Add to this we were only working on a circle on the furthest end of the arena with the surface being too deep near ‘A’. Add to that us riding to ‘A’ to dismount. This caused a huge problem when I finally went to go large.

I am a good rider so I was able to get him forward when he tried everything else. He only jumped and kicked out with one leg, if he had used 2 it would have been a capriole! They must go forwards is the first rule.

Next we now dismount on the E-B line facing C.

Next we lead up past ‘A’ to exit at ‘C’.

So far so good.

I went through something similar with my young horse this year.

Frankly, I handed him off to the trainer. The fact that I was hesitating to send him forward meant I was not the right rider to fix his issue at that moment.

It only took the trainer a couple rides and then I was back on him, but only in lessons for a couple weeks so that I had someone telling me forward/forward/forward.

Once I was asking for forward before she needed to tell me, I went back to riding on my own.

It was the hesitation that convinced me I wasn’t the right rider for the immediate situation. I knew what I should do, but I wasn’t doing it. So I felt the safest path for both of us was to let the trainer fix him first, before he really started to think his particular evasion was a good idea, and then focus on fixing my reaction.

The horse has a problem with “forward,” he is picking and choosing when he will listen to the “forward” aids, and it’s also a respect issue. A couple things you posted make me think that you are allowing him to dictate the training sessions. It doesn’t matter where you are in the ring or what you are asking the horse to do, he is either trying to figure it out, or he is saying “no.” A horse with a lazy “no” will respond better when you increase your aids, a horse with a disrespectful “no” will get a little ignorant.

Getting him soft and moving forward on the ground will help with these issues, as well as the problem with him accepting contact at specific times. Lunging doesn’t do much imho, I’d work on going forward, giving to the bit, moving hips and shoulders on cue and softly in both directions.

Winter does have it’s challenges, my horses all get groundwork before I get on in the winter because I do ride only sporadically, and I expect that there will be some resistance and disrespect just due to lack of work.

Are you taking him DEEP into the corners?
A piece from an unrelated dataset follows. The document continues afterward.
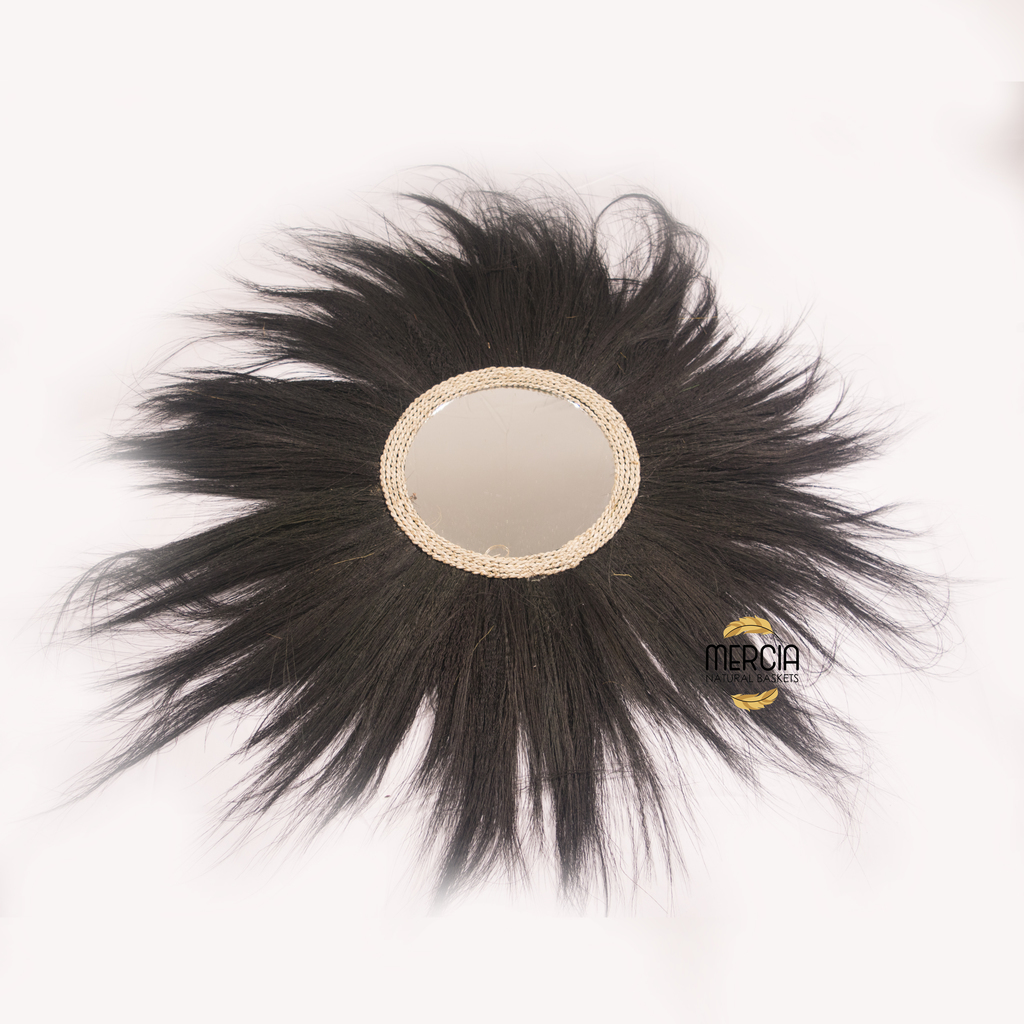 Зеркало 67 Раюнг черный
Perhaps too deep for his level of physical ability (at the moment).

Also a leg yield helps with rears - hard to rear if legs are crossed, although forward is the best bet. For corners (if you’re not pushing him deeper than he is currently comfortable - if he starts a “stall” then leg yield deeper into corner for a stride or two and drive him forward.

Maybe during his time off he got a bit stiff? Maybe a chiro adjustment with some massage? Won’t hurt and may help (since this is a new problem).